Friday, September 3, 2010

The Great Himalaya Trail
SANGAM PRASAIN
KATHMANDU, SEP 03 -
The Great Himalaya Trail (GHT), the longest and highest alpine walking track in the world, is scheduled to be inaugurated on Jan. 14, 2011 in Kathmandu.

The Nepal Tourism Year 2011 (NTY 2011) implementing committee announced the launching of the trail as a new product aimed at attracting trekkers from around the world.

Currently, 95 percent of the 120,000 trekkers visiting Nepal annually do not go beyond the Annapurna, Langtang or Everest regions. Only around 6,200 trekkers venture off the beaten track.

“The long-term aim is to connect the six Asian countries of Pakistan, China (Tibet Autonomous Region), India, Nepal, Bhutan and Myanmar via a route covering more than 4,500 km of the Great Himalaya range,” said Lisa Choegyal, consultant to the project and Honorary Consul designate for New Zealand in Nepal. The westernmost point of the GHT is the world’s ninth highest peak, Nanga Parbat in Pakistan, and it winds past the sacred headwaters of the Ganges in India, the entire length of Nepal beneath Annapurna, Everest and Kanchenjunga, through Sikkim then Bhutan and eventually to India’s remote Arunachal Pradesh, Myanmar and Namche Barwa in Tibet. Spectacular views include all of the world’s 14 eight-thousander peaks. Robin Boustead documented Nepal’s part of the trail in detail in 2008. He completed an upper route of about 1,700 km, which offers high-altitude adventure visitors unparalleled trekking, mixing high passes and alpine valleys, she said. The GHT spans the length of Nepal from Darchula and Humla in the west to Kanchenjunga in the east. Few hardy souls would tackle the full length of the trail in Nepal at one go, taking some 150 days. The concept of the GHT emerged in the late 1990s in Nepal. In 2008, SNV conducted the GHT first phase pilot project in Humla and Dolpa financed by the UK Department for International Development. The project aims to provide a significant boost to Nepal’s tourism industry, the idea is to channel more tourists and pro-poor tourism investment to under-developed districts, stimulating a range of private sector business, employment and production opportunities for poor mountain communities, Choegyal told the Post.
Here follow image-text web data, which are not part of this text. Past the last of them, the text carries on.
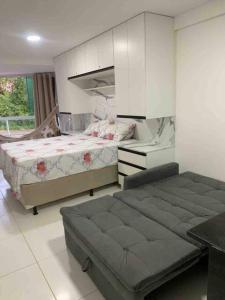 康德Flat Beira Mar Carapibus的一间卧室配有一张床和一张书桌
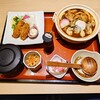 和食麺処 サガミ - 秋になったので牡蠣メニューが推しになっていて
食べとこうと思い

●牡蠣味噌煮込み 牡蠣フライセット　2,520円

の番号をタッチパネルで打ち込んで、注文をして
何を頼んだか、忘れてた（笑）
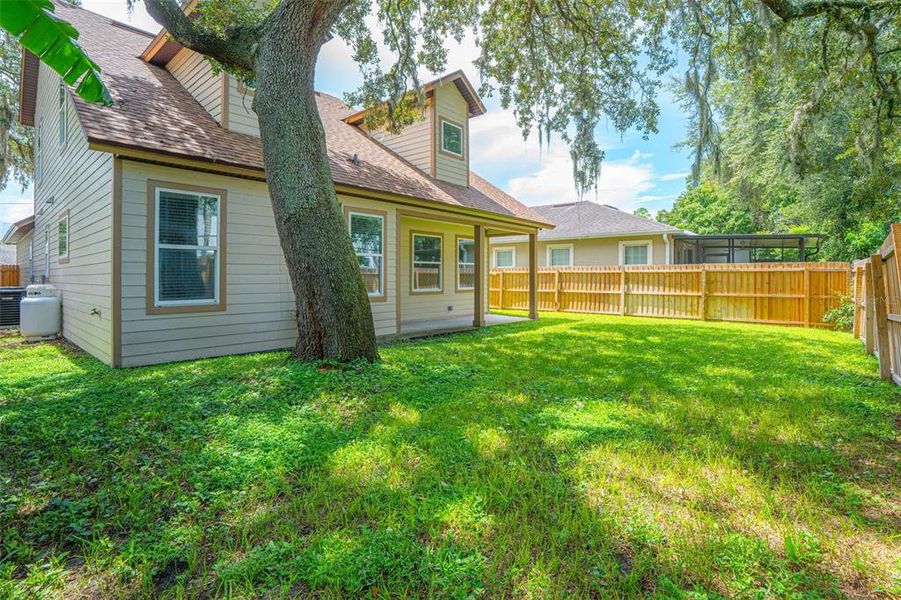 Front exterior of a new home in , Longwood, FL, highlighting curb appeal (Image 25). Front exterior of a new home in , Longwood, FL, highlighting curb appeal (Image 25).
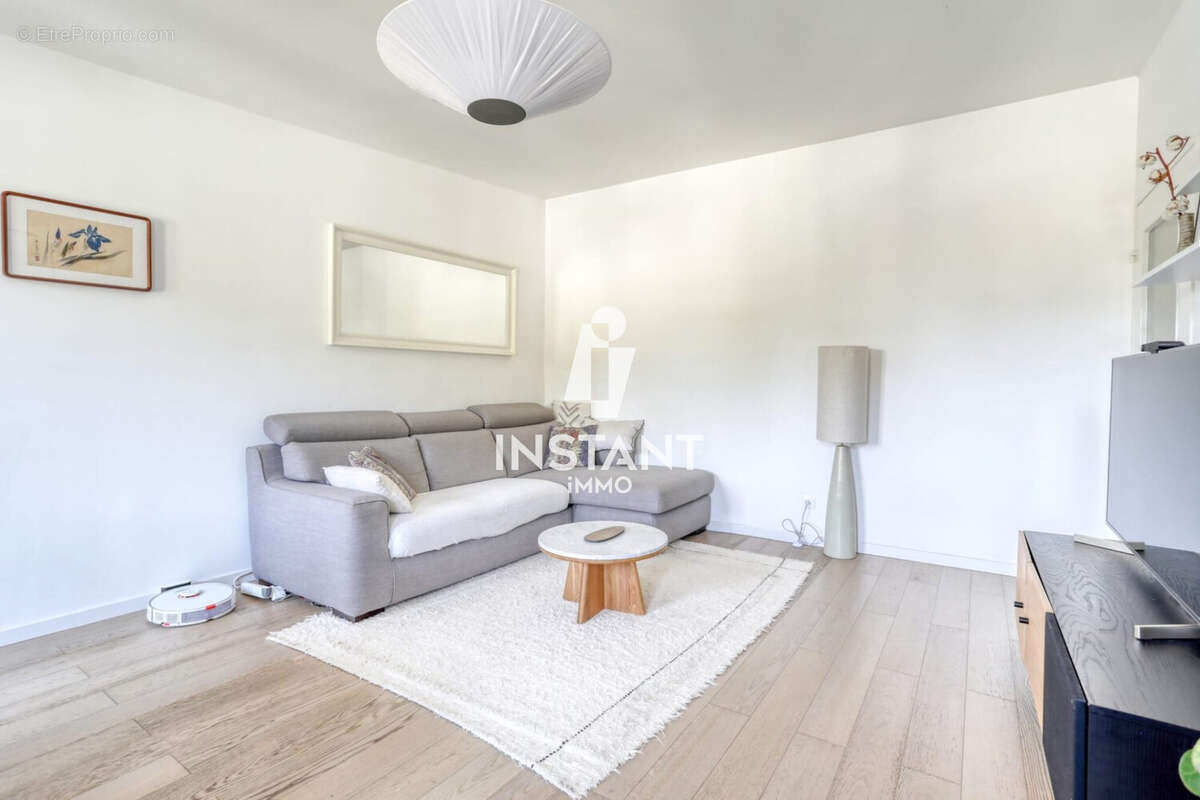 Appartement à SEVRES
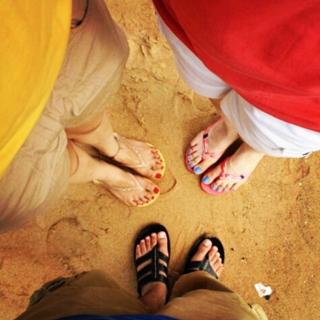 Zareen Khan feet photo thumbnail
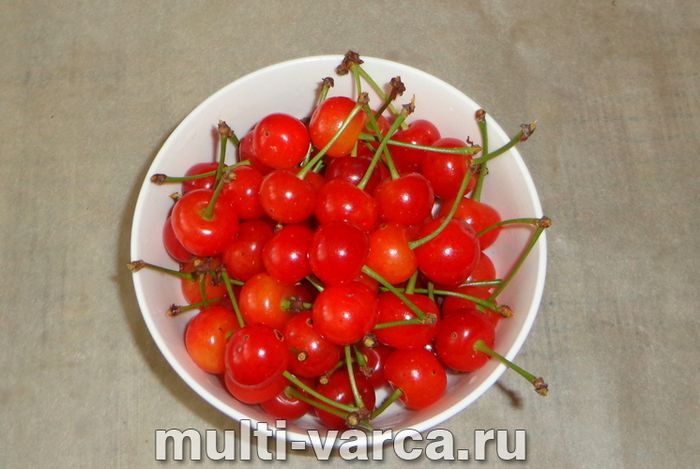Компот із вишні в мультиварці
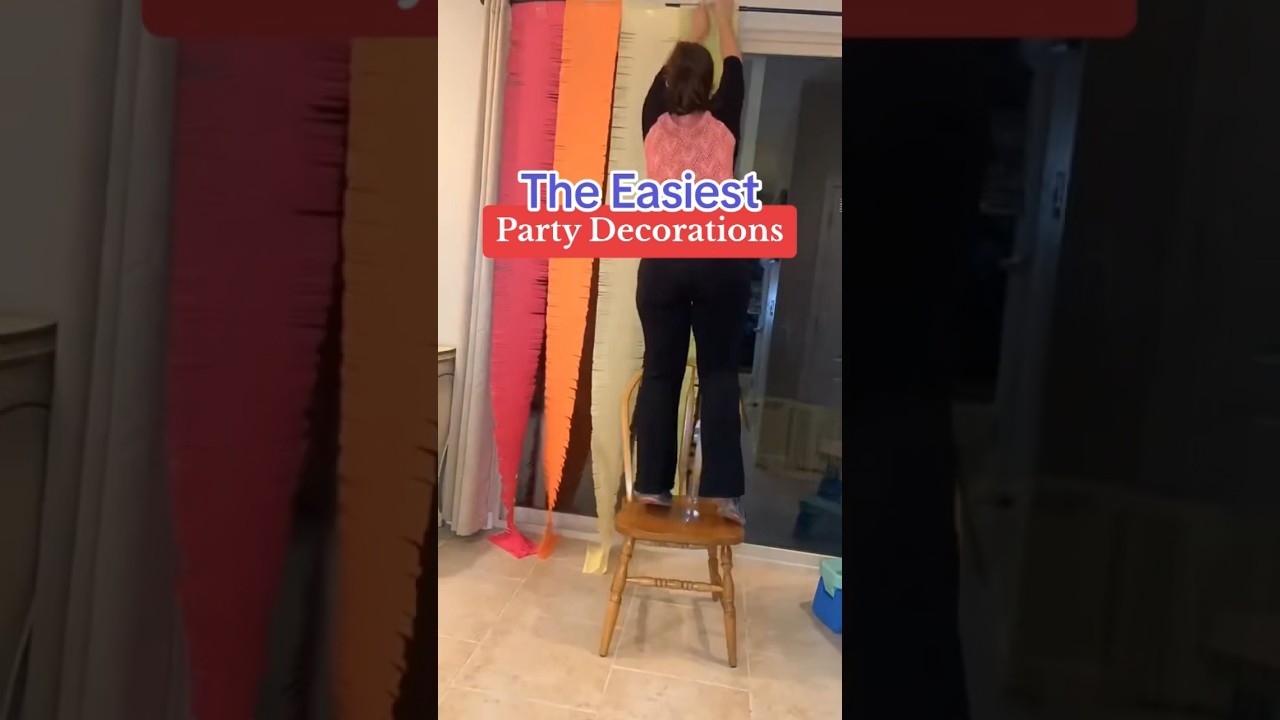 These DIY crepe paper garlands are super easy and affordable party decorations! #partydecor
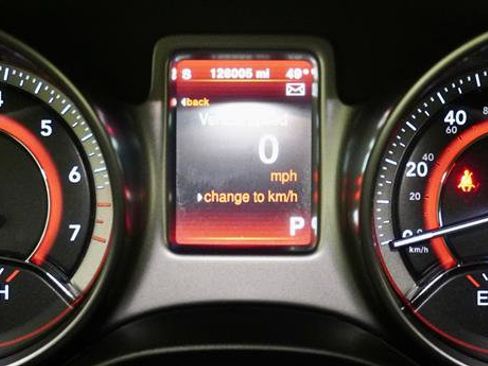 Used 2018 Dodge Journey Crossroad image 15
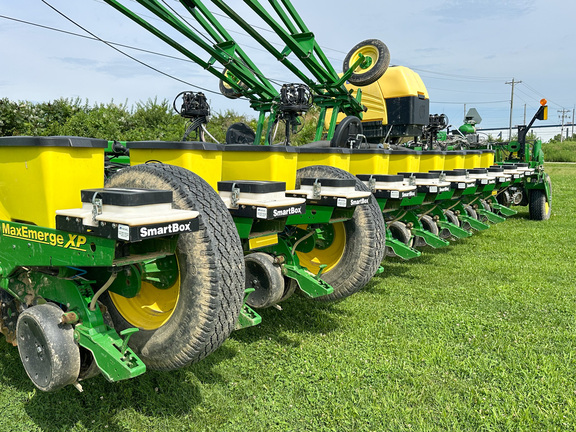 2012 John Deere 1770NT Planter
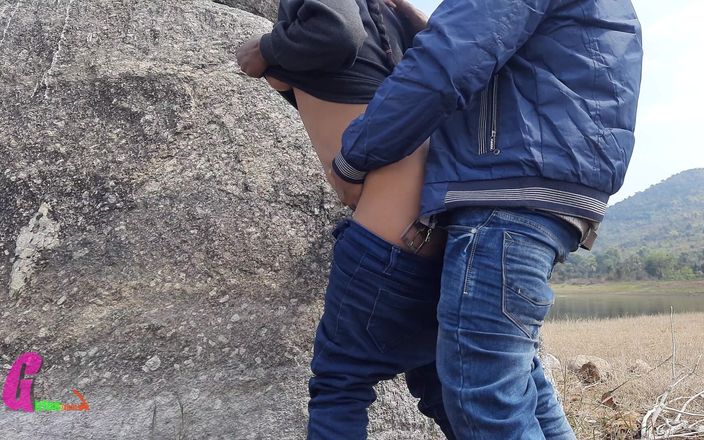Girl next hot: Indian couple sex at river side outdoor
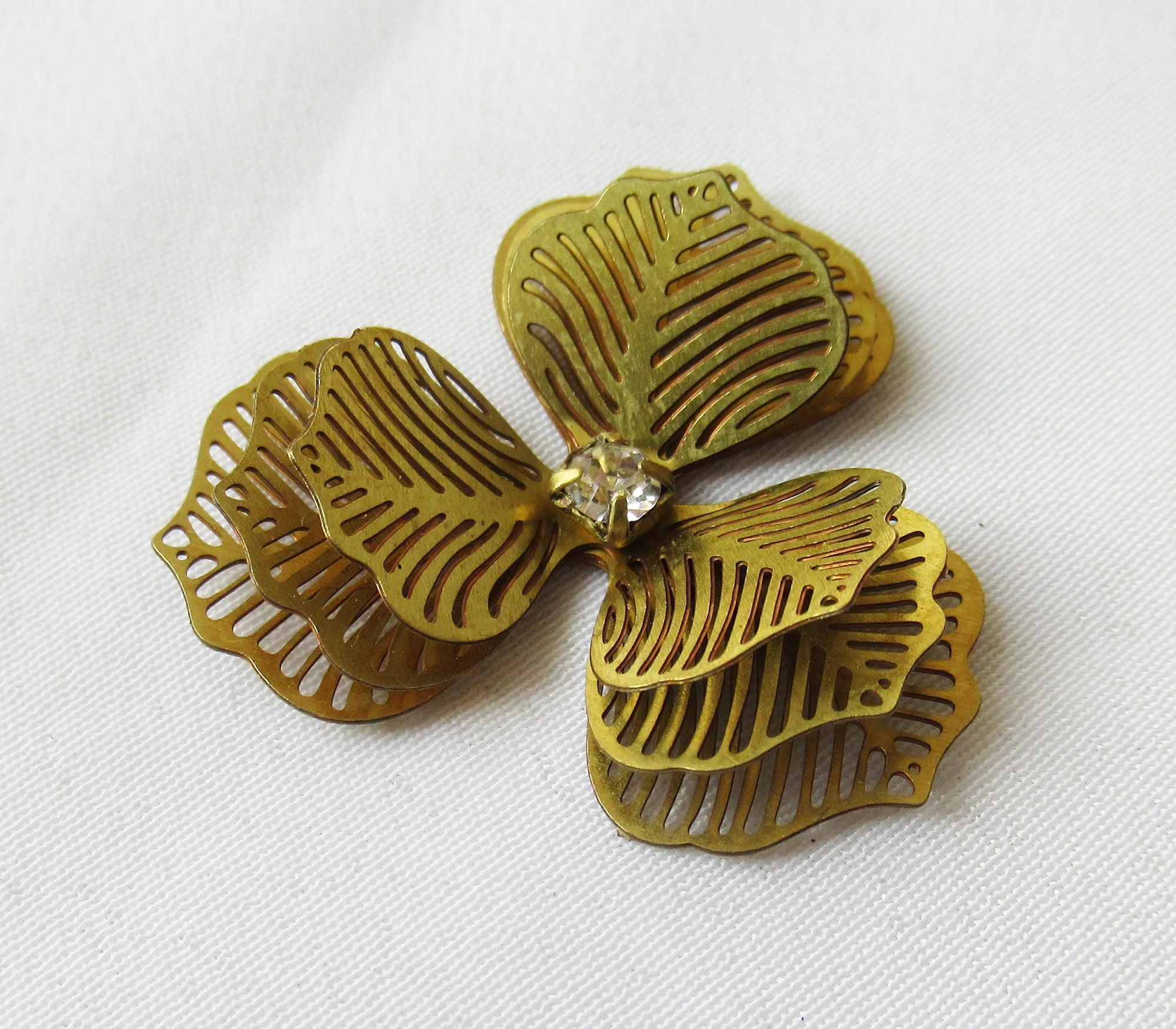 Brass Vein Flower 29mm Three-petaled Assembled Floral Finding Fashion Design Components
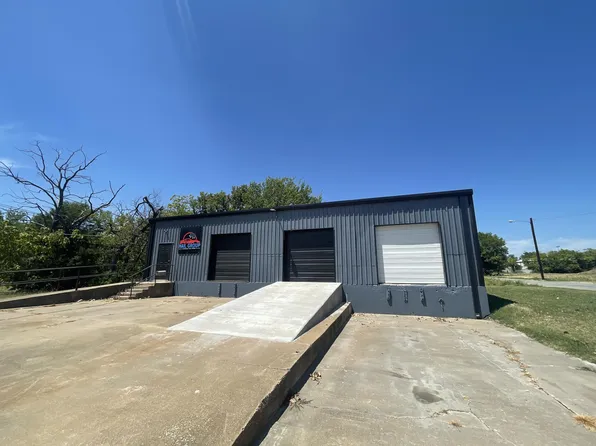 719 E Mulberry St, Sherman, TX 75090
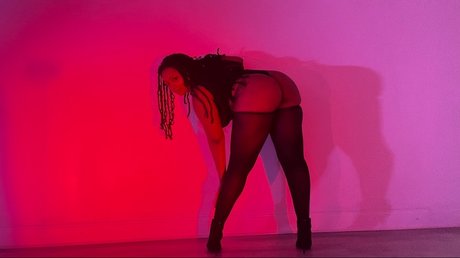 Hott Hippie 7 onlyfans de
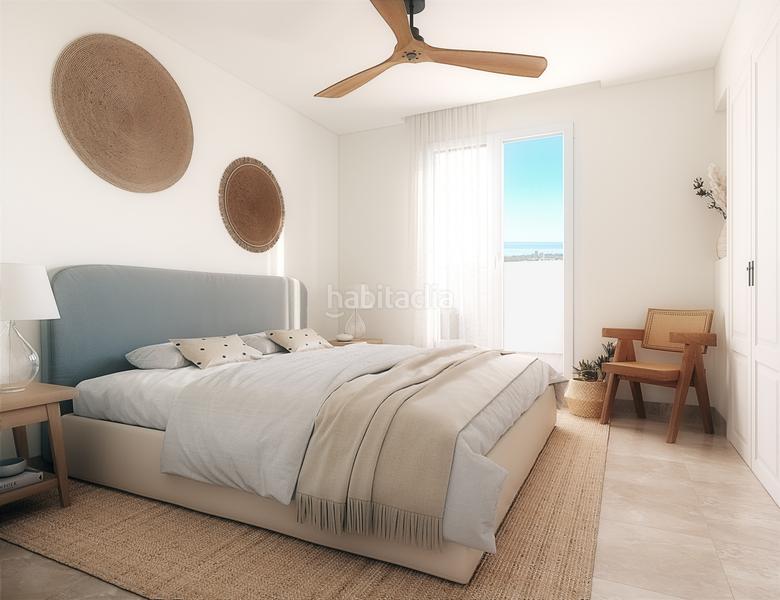 Foto fdd74fe5-9b4f-47eb-b9d7-61bff7160778. Apartamento embrace serenity and splendor discover an exquisite coastal retreat en Marbella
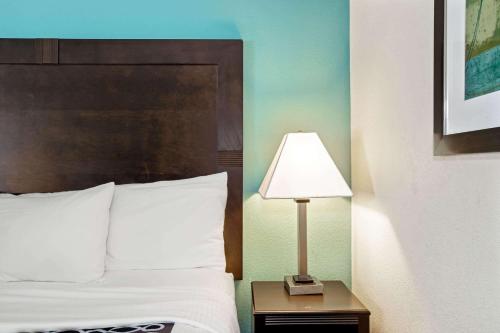 Ένα ή περισσότερα κρεβάτια σε δωμάτιο στο La Quinta by Wyndham PCB Pier Park area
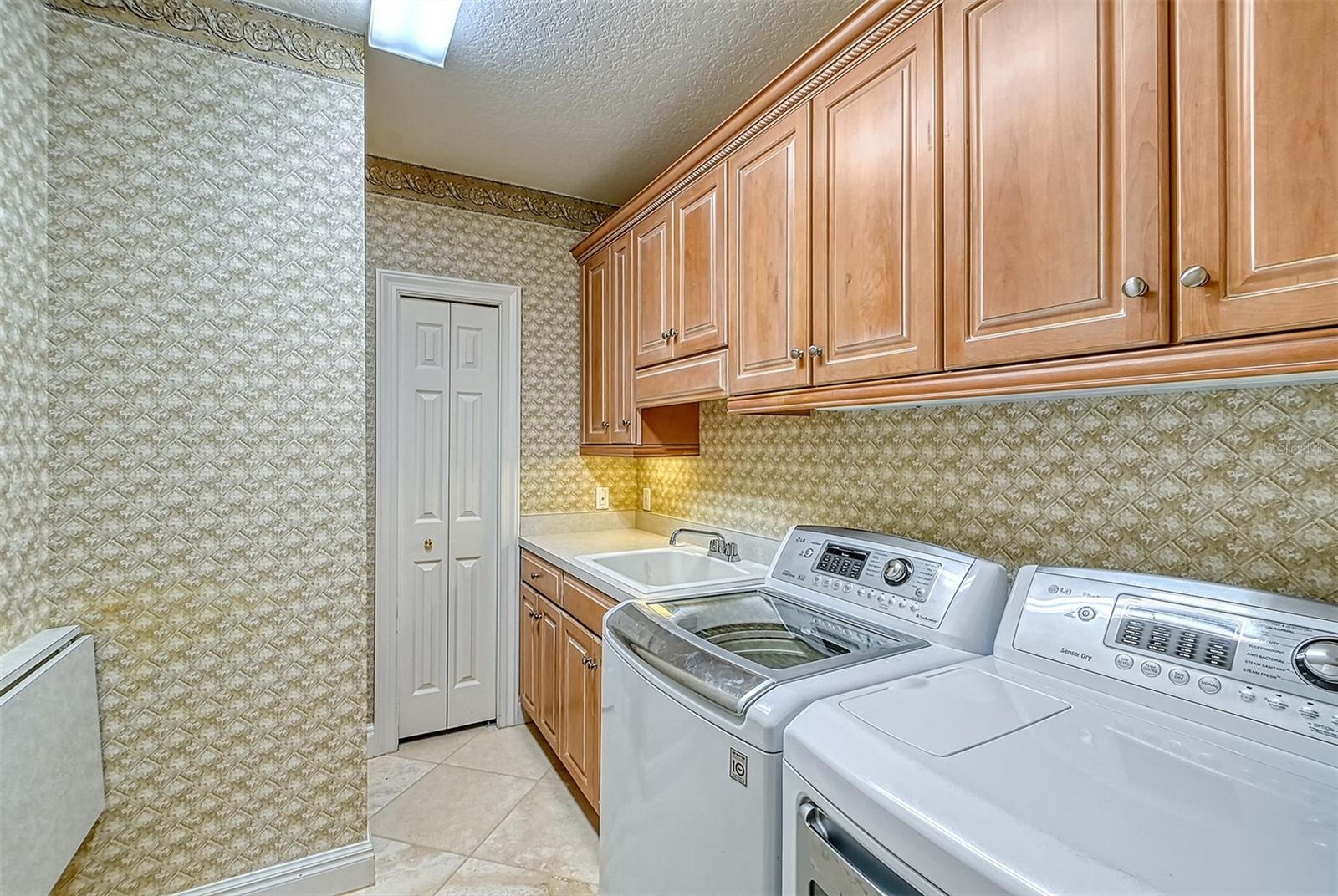 OAKS - Residential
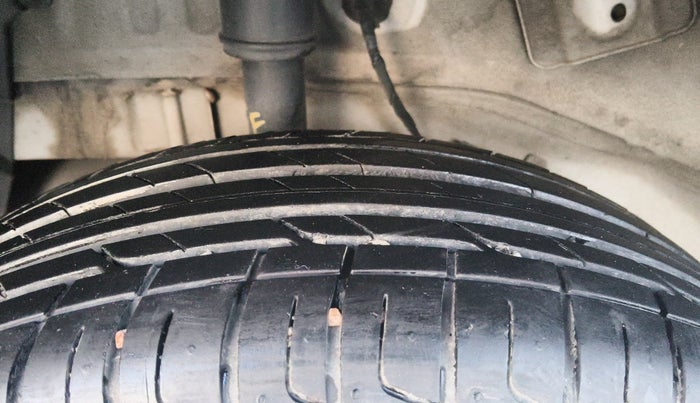 2024 Tata NEXON SMART+ 1.2 PETROL, Petrol, Manual, 30,711 km, Right Rear Tyre Tread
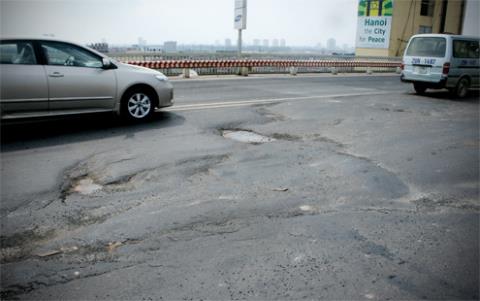 Chính thức mời chuyên gia Nga sửa mặt cầu Thăng Long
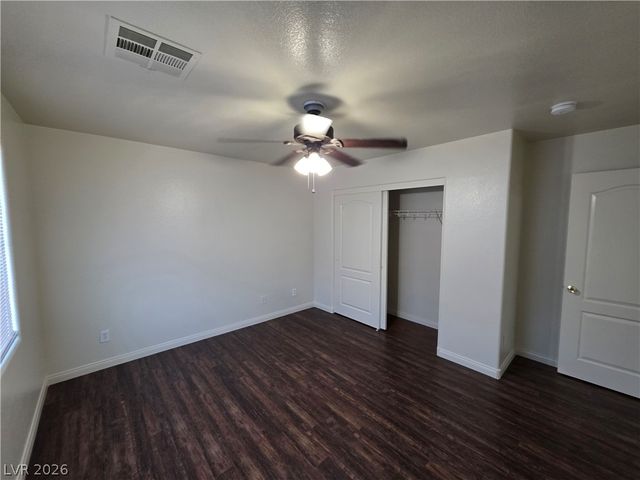 7349 Dolphine Crest Avenue, Las Vegas, NV 89129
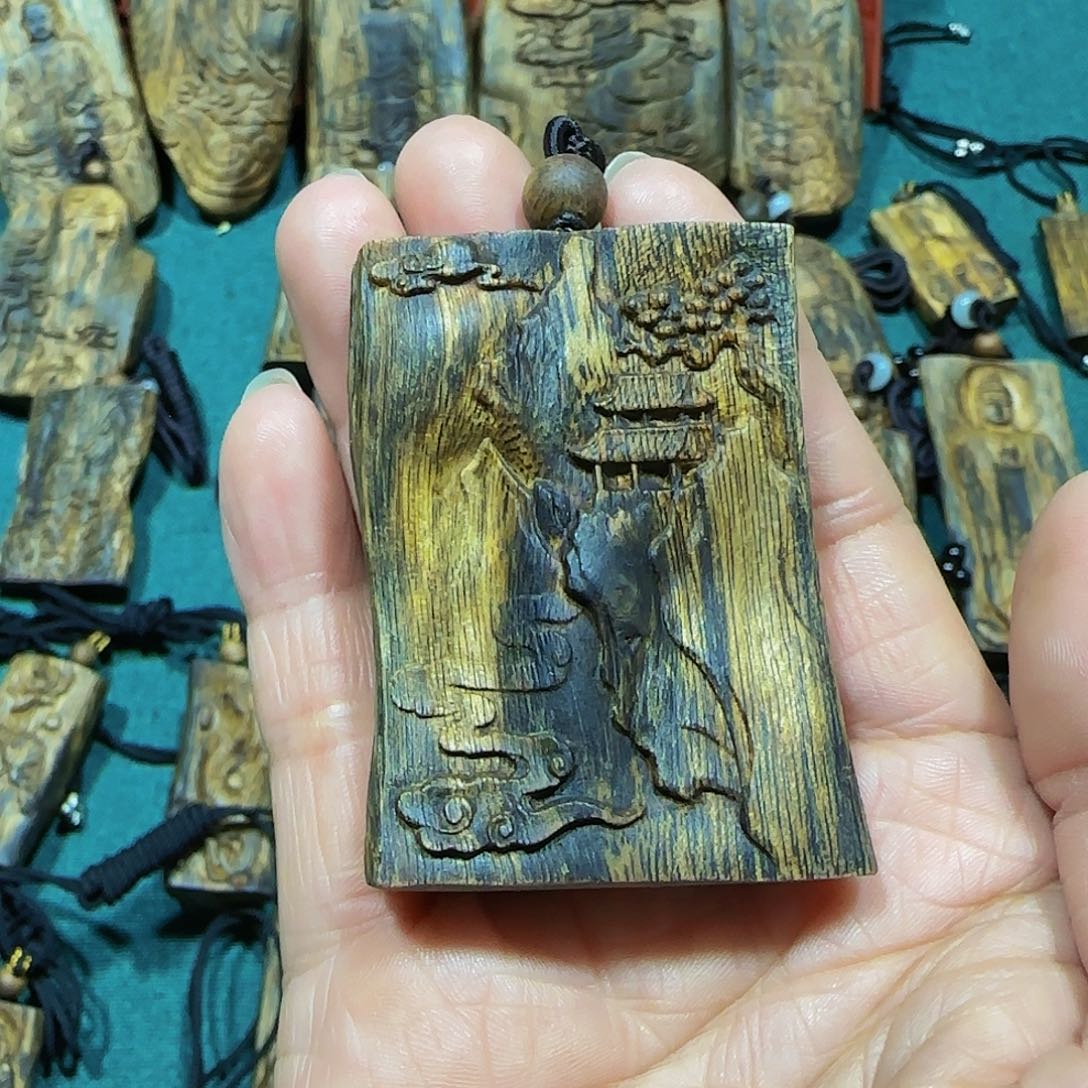 沉香吊坠海南白奇乌身老料山水牌带绳21.7克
According to her, the twin concepts of marketing and development were first pulled together in the Asian Development Bank’s Nepal Ecotourism Project in 2000.

The GHT also featured in Nepal Tourism Board’s National Ecotourism Strategy and Marketing Programme of Nepal the following year. However, implementation was constrained by the insurgency that made it impossible for tourists or development workers to visit many parts of Nepal.

In 2004, the GHT was adopted as a pro-poor tourism initiative in the South Asia Subregional Economic Cooperation’s Tourism Development Plan, sponsored by the Asian Development Bank in Nepal, Bhutan and India (Sikkim, Darjeeling and Arunachal Pradesh). With Nepal having the most to gain due to its geography, SNV and ICIMOD took up the concept in 2006.

“Nepal’s three main trekking routes, Everest, Annapurna and Langtang, attract thousands of visitors every year. However, with the visitors preferring new trekking destinations and the country’s strategy to diversify tourism products to other regions, this concept has been implemented,” said Kashi Raj Bhandari, director, research, planning and monitoring, Nepal Tourism Board.

The GHT is not a new product, it is the same trekking route that has been elegantly connected with the itineraries combining old and new routes. The route not only offers incredible bio-diversity but is also associated with the objective to transform untouched wilderness in the remotest districts into economic assets, Bhandari said.

After the project is accomplished, its ownership will be entrusted to the government of Nepal. SNV has been holding discussions with the government in this regard.

Murari Bahadur Karki, joint secretary at the Ministry of Tourism and Civil Aviation, said that talks were in progress. “We are forming a committee under which discussions will be held to finalize ownership,” he said. The committee will study every itinerary and district through which the GHT passes to make sure that the project incorporates responsible environment practices and potential opportunities. “After taking ownership, the project will be handed over to the private sector for branding and promotion,” he said. “This new potential product can make a real difference for people living at barely subsistence level, and boost incomes in rural areas that have been untouched by the government’s development projects,” said Bachchu Narayan, first vice president of the Trekking Agents Association of Nepal (TAAN).